Canacol Energy Ltd (CNNEF) Q1 2023 Earnings Call Transcript

Operator

Good morning and welcome to the Canacol Energy First Quarter 2023 Financial Results Conference Call. [Operator Instructions] Please note, this event is being recorded.

I would now like to turn the conference over to Carolina Orozco, Vice President of Investor Relations. Please go ahead.

Carolina Orozco

Good morning and welcome to Canacol’s first quarter 2023 financial results conference call. This is Carolina Orozco, Vice President of Investor Relations. I am with Mr. Charle Gamba, President and Chief Executive Officer; and Mr. Jason Bednar, Chief Financial Officer.

Before we begin, it is important to mention that the comments on this call by Canacol’s senior management can include projections of the corporation’s future performance. These projections neither constitute any commitment as to future results nor take into account risks or uncertainties that could materialize. As a result, Canacol assumes no responsibility in the event that future results are different from the projections shared on this conference call.
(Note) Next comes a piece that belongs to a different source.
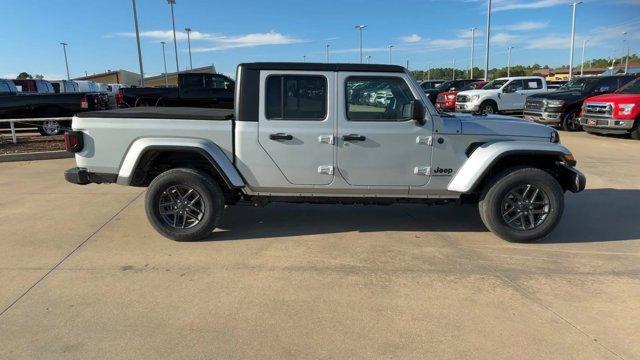 new 2024 Jeep Gladiator car, priced at $41,995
Please note that all finance figures on this call are denominated in U.S. dollars. We will begin the presentation with our President and CEO, Mr. Charle Gamba, who will summarize highlights from our first quarter results. Mr. Jason Bednar, our CFO, will then discuss financial highlights. Mr. Gamba will close with a discussion of the corporation’s outlook for the remainder of 2023. At the end, we will have a Q&A session.

I will now turn the call over to Mr. Charle Gamba, President and CEO of Canacol Energy.

Charle Gamba

Thank you, Carolina and welcome, everyone, to Canacol Energy’s first quarter 2023 conference call.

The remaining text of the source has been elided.